Harry Potter and the Goblet of Fire

Harry Potter and the Goblet of Fire; fantasy, UK / USA, 2005; D: Mike Newell, S: Daniel Radcliffe, Rupert Grint, Emma Watson, Robbie Coltrane, Ralph Fiennes, Michael Gambon, Brendan Gleeson, Jason Isaacs, Gary Oldman, Miranda Richardson, Alan Rickman, Maggie Smith, Timothy Spall

At Hogwarts school of wizardy, Harry Potter and his class get a new teacher, Mr. Moody. The school will also host the Triwizard Tournament where three school will compete in a competition so dangerous that even might lead to a students' death. Even though he did not submit his name for the competition, Harry is chosen to participate. There are three tasks: they must get a golden egg from a dragon; they must swim underwater to save a mate; and finally to go through a hedge maze to get a cup. However, in the last challenge, Harry and Cederic are transported to a graveyard, where Pettigrew kills Cederic and performs a ritual summoning Vodemort and his henchmen. Harry manages to escape and return to safety. The real Mr. Moody was replaced by Voldemort's spy, but is exposed. Dumbeldorf warns Harry of dark times coming.

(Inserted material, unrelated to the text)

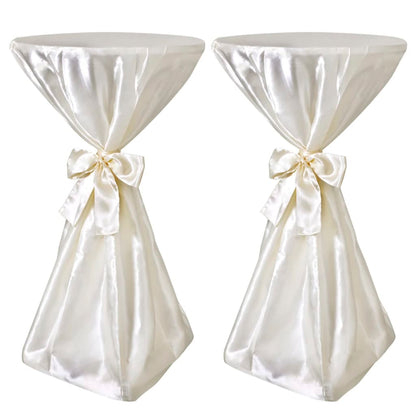 Statafelhoes Met Strik 80Cm Crème (2 Stuks)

The 4th film in the long "Harry Potter" film series, "Goblet of Fire" proved once again to be strong at the box office, yet weak as a patchwork of a story that is all over the place. The biggest complaints should be aimed at director Mike Newell and screenwriter Steve Kloves who 'narrowed' the film down only to fans instead of also taking care to appeal to universal viewers, even those who are not fans of wizards and sorcery and thus do not care about overlong, empty subplots involving magic or schematic, standard dialogues which are reduced to basically only dryly explaining what is going on. Sadly, Harry Potter hardly interacts with his friends, Ron and Hermione, in this edition, and thus this leaves little character development. A little bit of spark and charm only occasionally manage to 'twitch' the movie from its grey routine, yet they are refreshingly welcomed, such as the humorous moment where Harry complains that he cannot speak to a girl alone to invite her to a dance, because the girls are always in a "herd", or the hero's confrontation with a blond lad who did a bet that Harry will not hold up 5 minutes in the tournament. Unfortunately, the film is filled with cliche repertoire (cheap "boo" scares; the constant grey-dark cinematography after which one yearns to watch a film with normal colors; unnecessary dark moments used just to keep the viewers' attention...), whereas the ritual performed to summon Voldemort at the end is disgusting and misguided. Only a moderately solid sequel in the franchise, overlong and devoid of joy or spirit.